First off you are not going to find a how to program in machine code, that doesn't have assembly associated with it and that should be obvious. Any decent instruction reference of which most you will find contain the assembly for some assembler along with the machine code, because you really need some way to reference some bit pattern and assembly language is that language.
So look up nop for example you find the bit patter 10010000 or 0x90. So if I want to add the instruction nop to my program I add the byte 0x90. So even if you go back to very early processors you still desired to program in assembly language and hand assemble with pencil and paper then use dip switches to clock the program into memory before trying to run it. Because it just makes sense. Decades later even to demonstrate machine code programming, particularly with a painful instruction set like x86, you start with assembly, assemble, then dissassemble, then talk about it, so here goes:
top:
mov ah,01h
jmp one
nop
nop
one:
add ah,01h
jmp two
two:
mov bx,1234h
nop
jmp three
jmp three
jmp three
three:
nop
jmp top
nasm -f aout so.s -o so.elf
objdump -D so.elf
00000000 <top>:
0: b4 01 mov $0x1,%ah
2: eb 02 jmp 6 <one>
4: 90 nop
5: 90 nop
00000006 <one>:
6: 80 c4 01 add $0x1,%ah
9: eb 00 jmp b <two>
0000000b <two>:
b: 66 bb 34 12 mov $0x1234,%bx
f: 90 nop
10: eb 04 jmp 16 <three>
12: eb 02 jmp 16 <three>
14: eb 00 jmp 16 <three>
00000016 <three>:
16: 90 nop
17: eb e7 jmp 0 <top>
so just the first couple of instructions describe the problem and why asm makes so much sense...
The first one you can easily program in machine code b4 01 mov ah,01h we go into the overloaded instruction mov in the documentation and find immediate operand to register. 1011wreg data we have one byte so it is not a word so the word bit is not set, we have to look up reg to find ah end up with b4 and the immediate is 01h. Not that bad, but now jump I want to jump over some stuff, well how much stuff? Which jump do I want to use? Do I want to be conservative and use the fewest byte one?
I can see that I want to jump over two instructions we can easily look up the nops to know they are one byte, 0x90, instructions. so intra-segment direct short should work as the assembler chose. 0xEB but what is the offset? 0x02 to jump over the two BYTES of instructions between where I am and where I want to go.
So you can go through the rest of the instructions I have assembled here from the intel documentation to see what and why the assembler chose those bytes.
Now I am looking at the intel 8086/8088 manual right now, the intra-segment direct short instruction comments on sign extended, the intra-segment direct does not say sign extended, although the processor at this time was 16 bits but you had a few more bits of segment so by only reading the manual, having no access to the design engineers, and using no debugged assembler for reference, how would I know if I could have used the 16 bit direct jump for that last instruction that is branching backward?

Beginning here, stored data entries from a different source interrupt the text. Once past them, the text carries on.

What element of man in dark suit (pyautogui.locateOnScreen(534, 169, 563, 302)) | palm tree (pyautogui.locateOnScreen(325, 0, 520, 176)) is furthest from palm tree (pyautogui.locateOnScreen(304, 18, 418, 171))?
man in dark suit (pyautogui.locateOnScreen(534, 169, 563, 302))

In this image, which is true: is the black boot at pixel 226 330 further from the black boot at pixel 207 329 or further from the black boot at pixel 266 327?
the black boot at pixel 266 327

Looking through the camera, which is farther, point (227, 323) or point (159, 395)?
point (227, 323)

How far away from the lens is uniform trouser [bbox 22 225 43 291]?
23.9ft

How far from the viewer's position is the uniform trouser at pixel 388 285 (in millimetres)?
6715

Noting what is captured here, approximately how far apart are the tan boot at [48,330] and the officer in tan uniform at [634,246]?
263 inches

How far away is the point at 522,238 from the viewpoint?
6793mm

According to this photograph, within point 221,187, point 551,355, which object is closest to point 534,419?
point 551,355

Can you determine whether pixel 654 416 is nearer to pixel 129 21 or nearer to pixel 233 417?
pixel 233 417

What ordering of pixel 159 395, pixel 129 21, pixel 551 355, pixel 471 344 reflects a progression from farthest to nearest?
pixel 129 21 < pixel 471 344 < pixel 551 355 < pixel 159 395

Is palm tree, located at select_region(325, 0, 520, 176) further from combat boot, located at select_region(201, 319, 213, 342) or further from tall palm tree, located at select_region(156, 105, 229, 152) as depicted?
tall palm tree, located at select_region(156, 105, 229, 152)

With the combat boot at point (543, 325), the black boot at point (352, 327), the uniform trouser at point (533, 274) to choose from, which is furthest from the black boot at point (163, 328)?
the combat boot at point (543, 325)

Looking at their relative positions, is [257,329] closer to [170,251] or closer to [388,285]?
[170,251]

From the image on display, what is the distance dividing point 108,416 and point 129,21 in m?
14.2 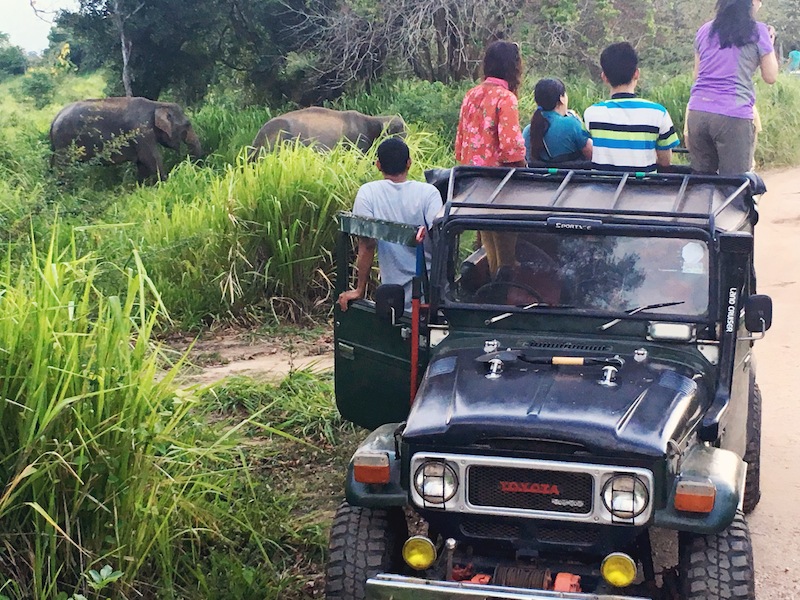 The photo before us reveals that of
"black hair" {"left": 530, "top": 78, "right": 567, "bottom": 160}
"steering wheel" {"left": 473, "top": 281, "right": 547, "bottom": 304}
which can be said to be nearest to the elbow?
"black hair" {"left": 530, "top": 78, "right": 567, "bottom": 160}

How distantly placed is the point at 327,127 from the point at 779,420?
A: 858 cm

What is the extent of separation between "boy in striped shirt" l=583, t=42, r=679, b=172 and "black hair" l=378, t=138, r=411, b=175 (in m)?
1.02

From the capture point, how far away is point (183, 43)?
19500 millimetres

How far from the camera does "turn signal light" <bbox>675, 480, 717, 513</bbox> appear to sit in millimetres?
3393

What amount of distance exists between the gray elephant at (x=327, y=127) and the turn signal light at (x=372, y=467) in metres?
9.58

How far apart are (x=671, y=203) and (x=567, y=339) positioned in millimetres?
781

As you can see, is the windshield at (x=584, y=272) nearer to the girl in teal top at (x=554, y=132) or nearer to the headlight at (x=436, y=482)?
the headlight at (x=436, y=482)

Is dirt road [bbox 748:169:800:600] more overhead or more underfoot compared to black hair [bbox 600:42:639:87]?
more underfoot

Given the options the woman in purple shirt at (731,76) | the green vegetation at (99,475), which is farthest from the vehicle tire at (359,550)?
the woman in purple shirt at (731,76)

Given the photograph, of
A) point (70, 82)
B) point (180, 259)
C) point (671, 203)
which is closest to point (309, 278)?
point (180, 259)

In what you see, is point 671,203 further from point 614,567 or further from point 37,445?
point 37,445

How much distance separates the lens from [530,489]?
350 centimetres

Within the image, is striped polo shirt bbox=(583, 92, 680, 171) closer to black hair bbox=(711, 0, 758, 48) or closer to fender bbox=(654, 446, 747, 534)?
black hair bbox=(711, 0, 758, 48)

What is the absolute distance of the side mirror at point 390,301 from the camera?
14.4 feet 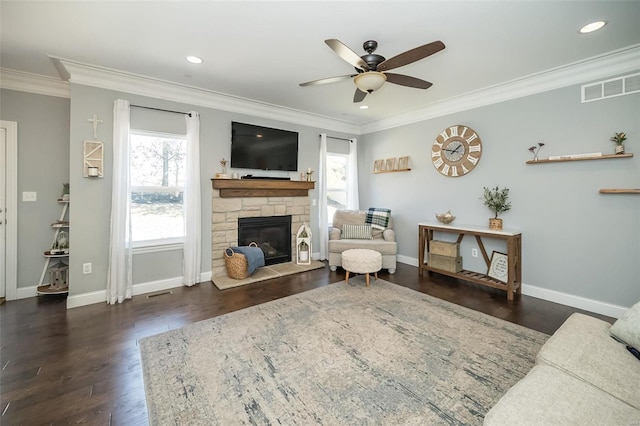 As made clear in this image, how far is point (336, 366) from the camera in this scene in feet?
6.56

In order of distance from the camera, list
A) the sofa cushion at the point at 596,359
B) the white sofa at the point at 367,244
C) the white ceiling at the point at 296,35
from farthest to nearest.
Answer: the white sofa at the point at 367,244, the white ceiling at the point at 296,35, the sofa cushion at the point at 596,359

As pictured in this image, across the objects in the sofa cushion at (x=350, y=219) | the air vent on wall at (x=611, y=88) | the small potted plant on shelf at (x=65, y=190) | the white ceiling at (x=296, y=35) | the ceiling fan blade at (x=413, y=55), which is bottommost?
the sofa cushion at (x=350, y=219)

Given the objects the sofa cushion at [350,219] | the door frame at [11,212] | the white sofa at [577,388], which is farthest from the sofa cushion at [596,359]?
the door frame at [11,212]

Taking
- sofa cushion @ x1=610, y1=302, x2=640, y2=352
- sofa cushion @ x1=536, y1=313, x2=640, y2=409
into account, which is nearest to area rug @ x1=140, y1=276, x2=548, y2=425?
sofa cushion @ x1=536, y1=313, x2=640, y2=409

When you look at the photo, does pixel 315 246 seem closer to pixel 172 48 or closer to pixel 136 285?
pixel 136 285

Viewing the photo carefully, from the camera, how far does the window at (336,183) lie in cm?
541

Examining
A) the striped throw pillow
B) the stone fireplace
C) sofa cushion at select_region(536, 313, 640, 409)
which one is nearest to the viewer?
sofa cushion at select_region(536, 313, 640, 409)

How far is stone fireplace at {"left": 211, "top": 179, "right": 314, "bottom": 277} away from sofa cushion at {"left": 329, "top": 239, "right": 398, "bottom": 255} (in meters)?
0.82

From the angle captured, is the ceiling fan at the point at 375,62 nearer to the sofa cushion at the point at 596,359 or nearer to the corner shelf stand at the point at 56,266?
the sofa cushion at the point at 596,359

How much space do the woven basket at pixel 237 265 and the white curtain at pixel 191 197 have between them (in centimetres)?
48

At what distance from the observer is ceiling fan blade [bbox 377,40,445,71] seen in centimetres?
194

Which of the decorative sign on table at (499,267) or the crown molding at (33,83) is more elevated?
the crown molding at (33,83)

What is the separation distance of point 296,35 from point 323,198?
119 inches

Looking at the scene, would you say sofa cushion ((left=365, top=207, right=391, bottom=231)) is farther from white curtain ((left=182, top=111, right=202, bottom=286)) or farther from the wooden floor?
white curtain ((left=182, top=111, right=202, bottom=286)) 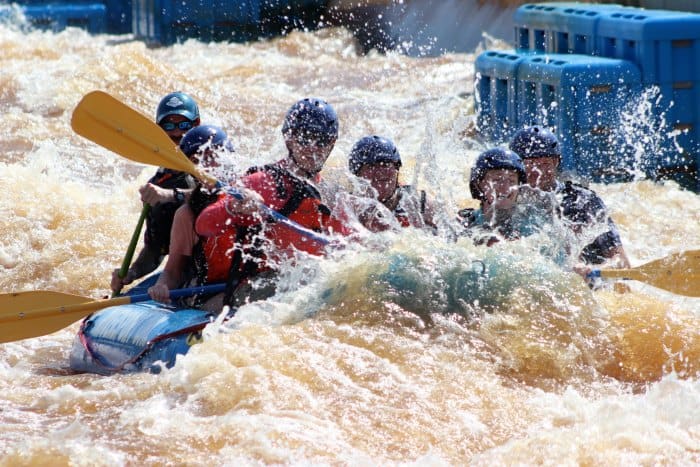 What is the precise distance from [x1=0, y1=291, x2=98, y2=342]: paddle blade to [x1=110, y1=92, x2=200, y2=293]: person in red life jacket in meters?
0.32

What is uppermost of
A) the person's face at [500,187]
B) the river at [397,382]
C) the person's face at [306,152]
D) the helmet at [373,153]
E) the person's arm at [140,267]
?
the person's face at [306,152]

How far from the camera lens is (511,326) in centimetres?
480

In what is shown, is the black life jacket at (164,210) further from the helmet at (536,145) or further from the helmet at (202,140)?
the helmet at (536,145)

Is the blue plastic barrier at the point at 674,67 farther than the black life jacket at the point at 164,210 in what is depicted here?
Yes

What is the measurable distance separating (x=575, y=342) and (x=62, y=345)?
9.49 ft

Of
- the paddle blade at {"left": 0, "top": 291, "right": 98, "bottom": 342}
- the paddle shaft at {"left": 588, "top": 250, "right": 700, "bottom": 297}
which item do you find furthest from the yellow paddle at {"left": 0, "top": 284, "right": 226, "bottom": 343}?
the paddle shaft at {"left": 588, "top": 250, "right": 700, "bottom": 297}

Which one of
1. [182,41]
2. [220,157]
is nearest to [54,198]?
[220,157]

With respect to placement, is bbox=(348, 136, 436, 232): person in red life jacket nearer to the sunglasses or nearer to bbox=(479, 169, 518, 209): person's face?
bbox=(479, 169, 518, 209): person's face

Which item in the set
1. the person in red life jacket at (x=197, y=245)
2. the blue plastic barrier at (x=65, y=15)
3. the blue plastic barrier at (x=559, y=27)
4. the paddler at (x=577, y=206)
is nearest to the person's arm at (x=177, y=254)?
the person in red life jacket at (x=197, y=245)

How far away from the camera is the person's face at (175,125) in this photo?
555 cm

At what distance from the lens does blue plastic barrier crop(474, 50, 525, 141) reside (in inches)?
378

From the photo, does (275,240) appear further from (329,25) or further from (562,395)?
(329,25)

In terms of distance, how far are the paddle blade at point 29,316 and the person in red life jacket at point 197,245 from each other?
52 cm

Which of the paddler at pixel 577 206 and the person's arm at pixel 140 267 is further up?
the paddler at pixel 577 206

In this case the assembler chose the byte sized offset, but what if...
Im using a 16 bit manual but 32/64 bit tools, so I have to consider that, but I could and did do this:
three:
nop
db 0xe9,0xe7,0xff,0xff,0xff
instead of jmp top.
00000016 <three>:
16: 90 nop
17: e9 e7 ff ff ff jmp 3 <top+0x3>
for 8086 that would have been 0xe9,0xe7,0xff
db 0xb4,0x01
db 0xeb,0x02
db 0x90
db 0x90
so now what if I wanted to change one of the nops being jumped over to a mov
db 0xb4,0x01
db 0xeb,0x02
db 0xb4,0x11
db 0x90
but its broken now I have to fix the jump
db 0xb4,0x01
db 0xeb,0x03
db 0xb4,0x11
db 0x90
Now change that to an add
db 0xb4,0x01
db 0xeb,0x03
db 0x80,0xc4,0x01
db 0x90
Now I have to change the jump again
db 0xb4,0x01
db 0xeb,0x04
db 0x80,0xc4,0x01
db 0x90
But had I programmed that jmp one in assembly language I don't have to deal with that the assembler does it. It gets worse when your jump is right on that cusp of the distance then you say have some other jumps within that loop, you have to go through the code several times to see if any of those other jumps are 2 or 3 or 4 bytes, and does that push my longer jumps over the edge from one byte to another
a:
...
jmp x
...
jmp a
...
x:
as we pass jump x do we allocate 2 bytes for it? then get to jmp a, allocate two bytes for it as well and at that point we may have figured out all the rest of the instructions between jmp a and a: and it just fits in a two byte jump. but then eventually we get to x: to find that jmp x needs to be 3 bytes, that pushes the jmp a too far now it has to be a three byte jmp, which means we have to go back to jmp x and adjust for the additional byte from jmp a being three bytes now instead of the assumed 2.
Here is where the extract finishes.